The size of the prize was global domination in milk powder, allowing Fonterra to become a price setter. However, the cost of this pursuit has been very high and the goal has not been achieved.

Ravensdown co-operative has been burnt similarly in Australia, despite farmers there having invited the co-op to supply them with product. In the end, Ravensdown couldn't compete against the big Australian fertiliser companies with deep pockets to keep the New Zealanders out.

Unless there is a point of difference for which consumers are willing to pay a premium, they will choose lowest-cost options.

LIC (Livestock Improvement Corporation) appears to be travelling the same path of expansion, to avoid "missing out on opportunities". The size of the prize has been described as "potentially more than $50 million of value created".

The cost has not been indicated, but overseas scoping exercises not only take funds but also distract managers, leaders and directors from core business. The core business for shareholders is herd improvement.

The value of herd improvement by genetic gain has been calculated as $300m per year – permanent and cumulative.

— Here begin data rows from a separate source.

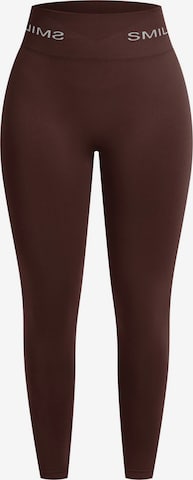 Smilodox Skinny Workout Pants 'Azura' in Brown: front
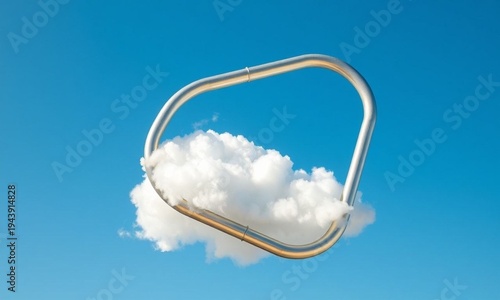 Playful concept of a giant safety pin holding a fluffy cumulus cloud together in the sky, minimalist design and soft blue hues, excellent for creative problem-solving, abstract art, and unique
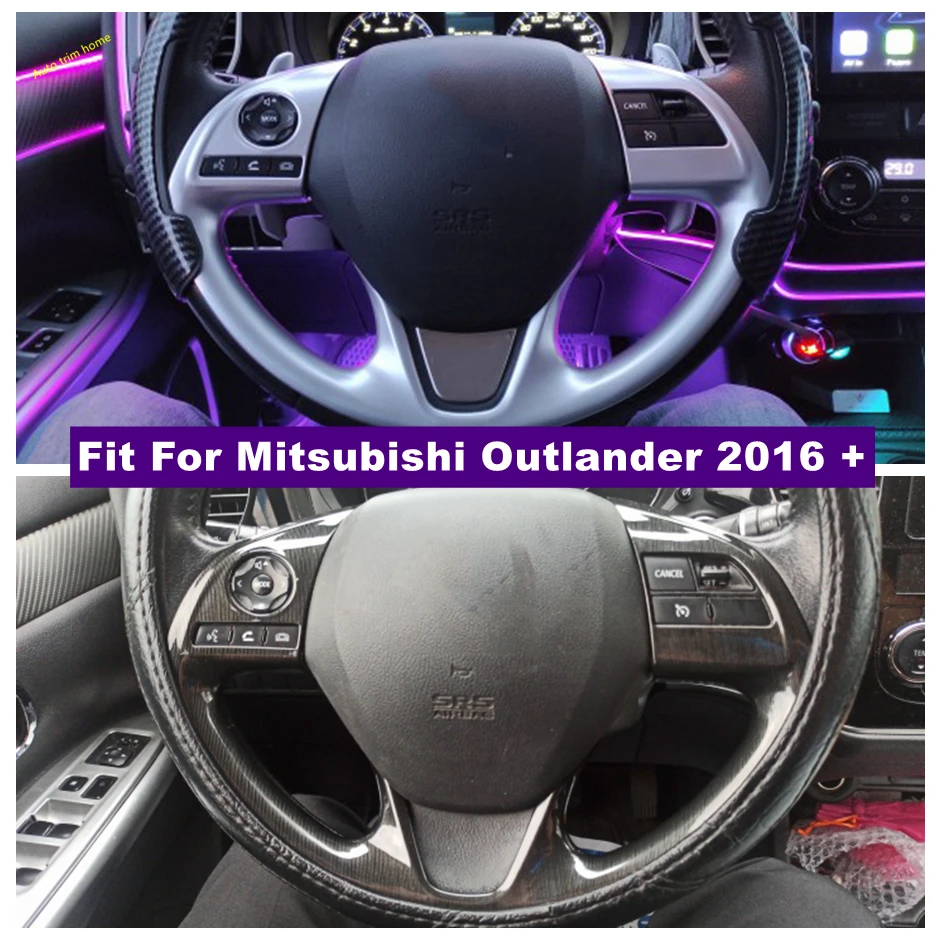 

Matte / Black Wood Grain Look Car Steering Wheel Button Cover Trim Fit For Mitsubishi Outlander 2016 - 2021 InteriorAccessories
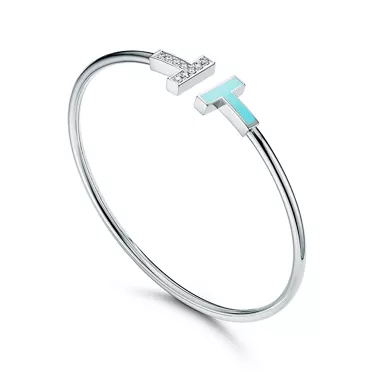 Tiffany T:Diamond and Turquoise Wire Bracelet in White Gold, 2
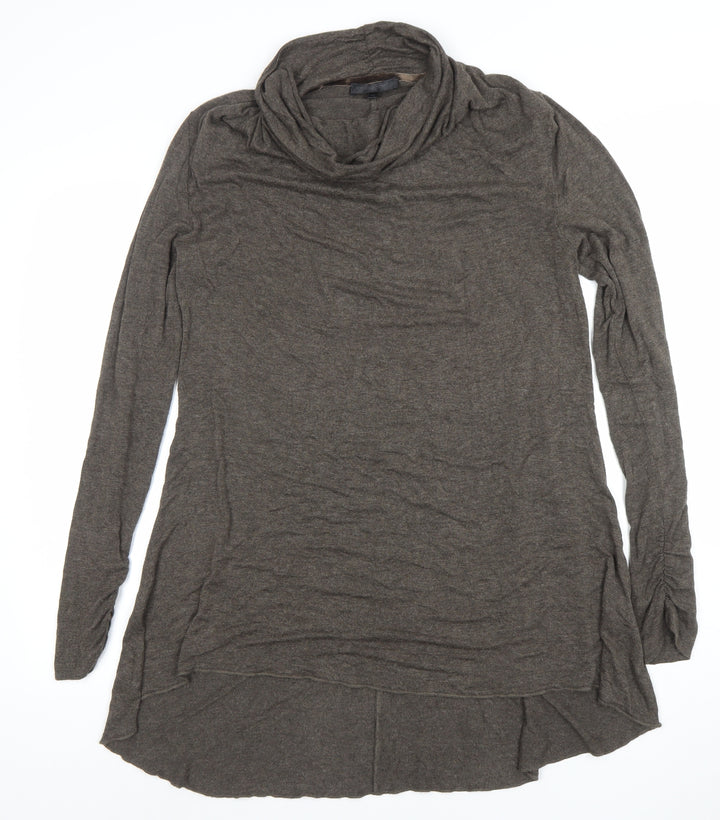 Passport Women Brown Long Sleeve Cowl Neck Tunic Blouse Size 12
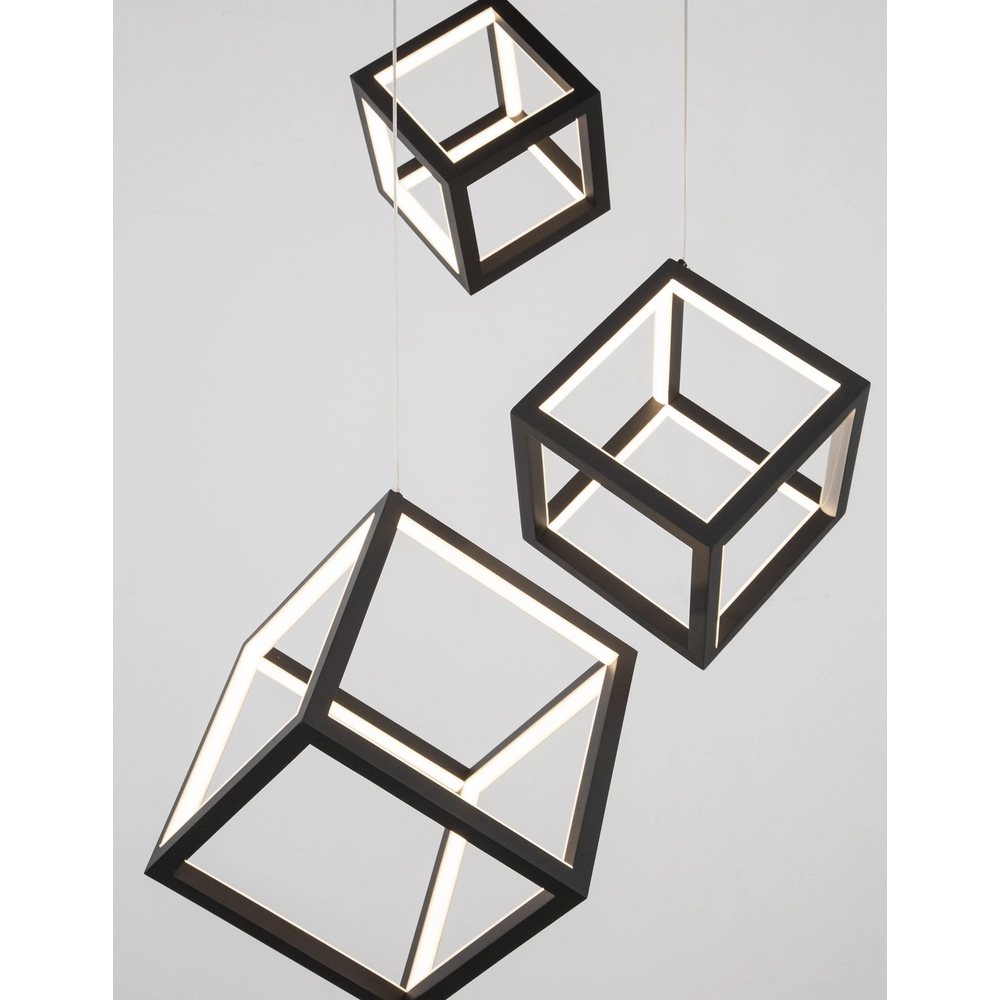 Suspension carrée Gabbia Noir Triple Lyora 5212017423412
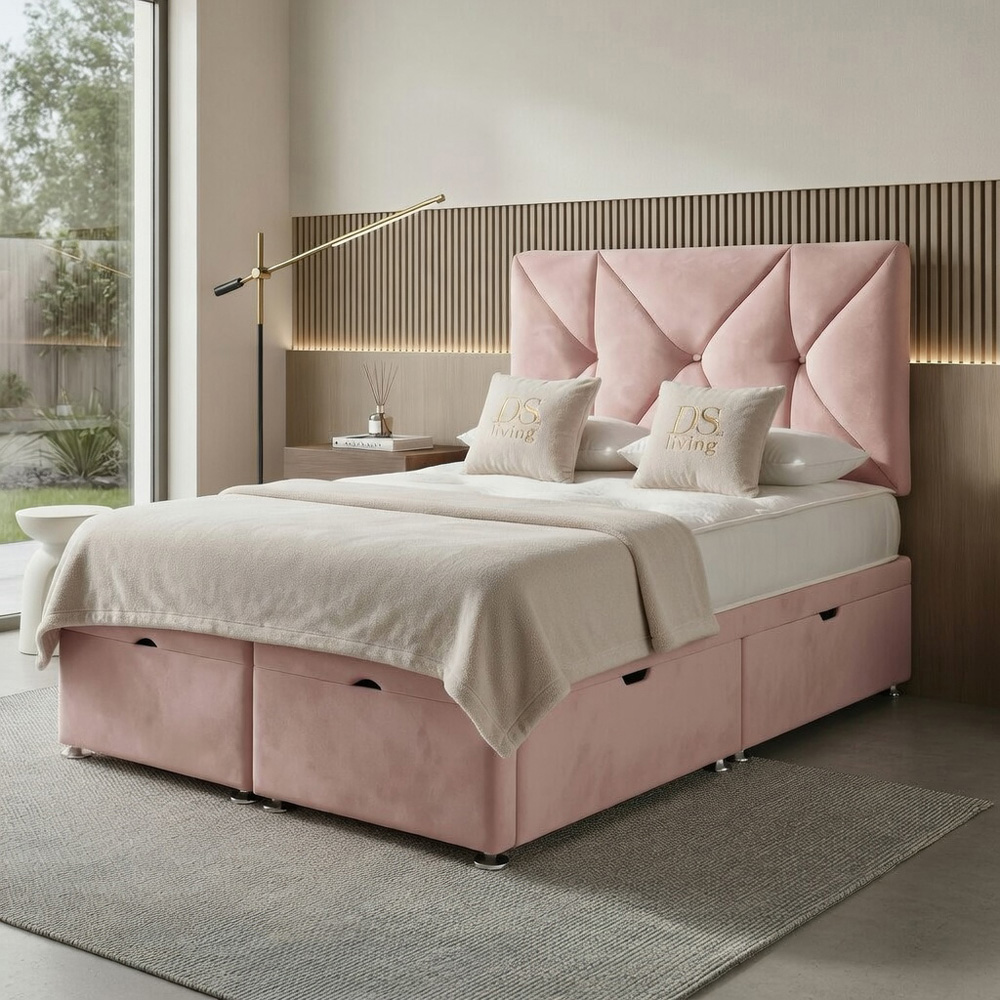 DS Living Eclipse Single Pink Plush Velvet Ottoman Bed Image 4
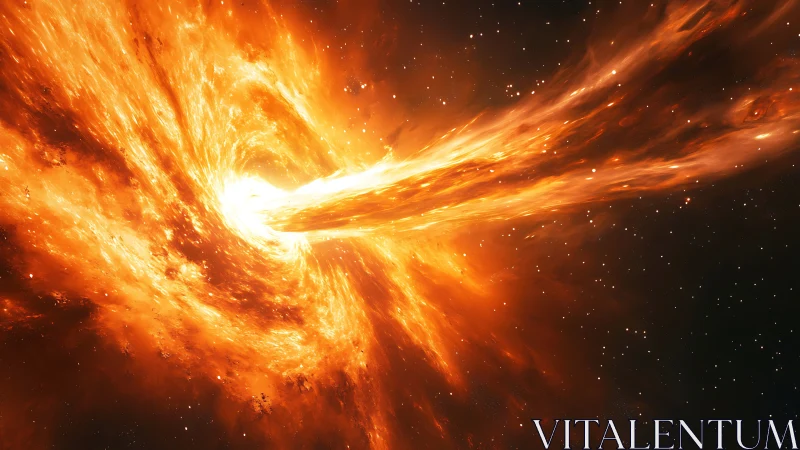 Flaring cosmic vortex streaming fire through deep space.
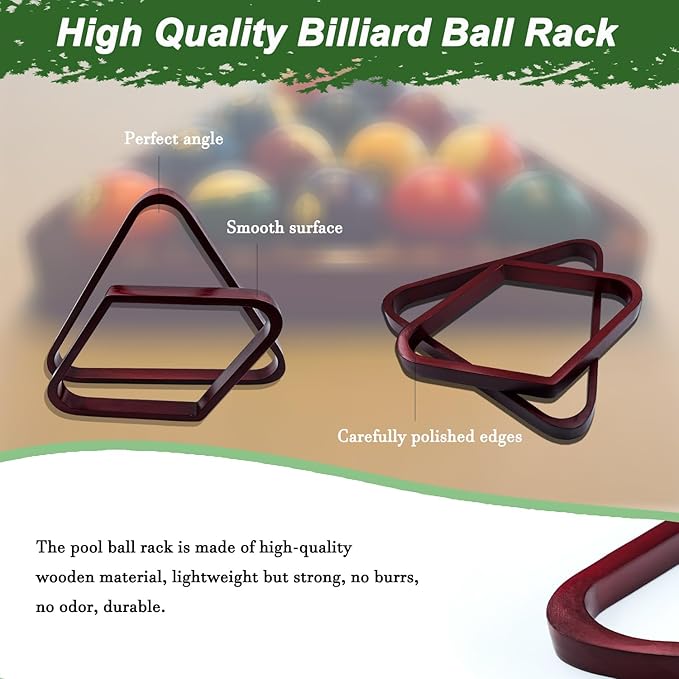 23 Pcs Wooden Pool Triangle Rack, Pool Table Accessories with Pool Table Brush for Felt, 2-1/4" Pool Ball Holder, Billiard Magic Ball Rack Billiard Accessories (Wine Red)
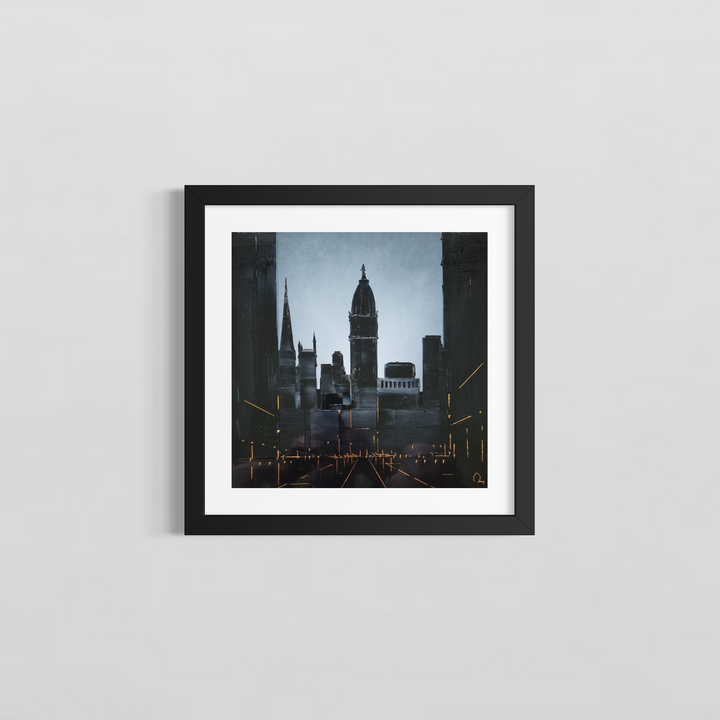 "City Hall" by French artist Julien Rey — a mixed-media painting on board of Philadelphia City Hall at dusk, crafted with Chinese lacquer and gold leaf. The iconic tower crowned by William Penn&
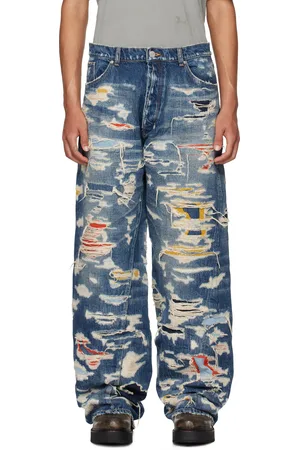 B1ARCHIVE Indigo Wide Leg 5 Pocket Jeans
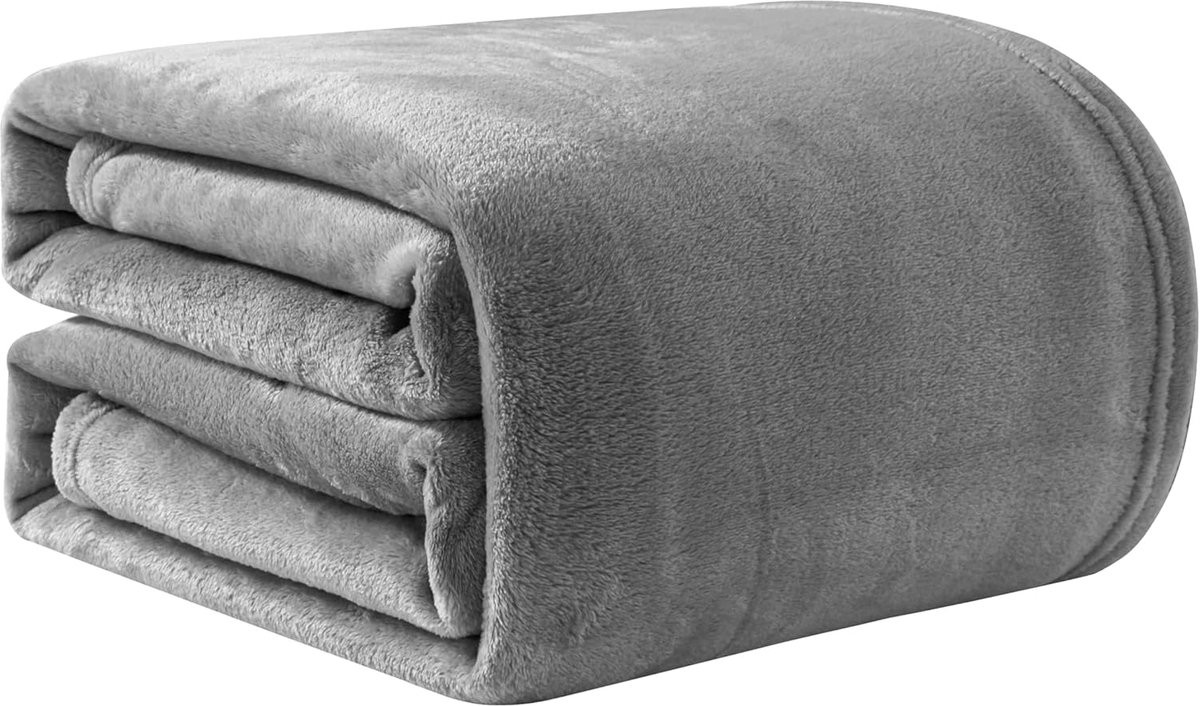 Zachte fleece plaid fleece deken voor volwassenen - Grijs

This means that over a 10 year period the net value captured by farmers from this annual improvement is $3b. It has been expensive to achieve, but the expense has been shared amongst the members of the co-operative since LIC was set up in 1909.

Contributing to the funding has been the herd testing done nationally since the 1930s. Statistics from LIC and DairyNZ indicate that at least 70% of herds are now regularly tested. A similar percentage of herds are now artificially inseminated, which began in the 1940s. In addition, LIC developed the herd tracking tool Minda, used by 90% of dairy farmers.

Only when market shares are built up to high levels, as they have been at LIC over decades, can the business support itself. LIC is among the world's most successful herd improvement businesses, with very high participation rates of herd testing, artificial breeding and recording. The integration of these three foundation businesses is envied in many countries where private companies jockey for position and critical mass for genetic gains is not achieved.

LIC's proposes to maintain a co-operative genetics-focussed farmer-owned herd improvement business, whilst creating a subsidiary agri-technology company – which would include herd testing and Minda. This is despite the fact herd testing and Minda have been core business and enabled the R&D leading to genetic gain in the national herd.

This subsidiary would attract new shareholders, thereby raising capital – if current shareholders agreed to the split in 2017. Although there might appear to be some conceptual similarities with the deal between Silver Fern Farms and Shanghai Maling, the difference is that the Chinese company has access to supermarkets; it is not clear what more the would-be investors might bring to LIC.

And the fundamental question remains: why?

The purpose of a co-operative is to enable goals common to members to be achieved. The real purpose of herd improvement is 'industry good' as a result of collective investment. NZ farmers, and NZ itself, have benefited from strong co-operatives in agriculture.

Recently, however, it seems the strong co-operatives have lost sight of their core purpose as they chase illusory revenue targets based on growth offshore.

Shareholders would be wise to ask the hard questions on economic projections;they are about as accurate as weather forecasts.

• Jacqueline Rowarth is professor of agribusiness at The University of Waikato. She is also a Fonterra shareholder.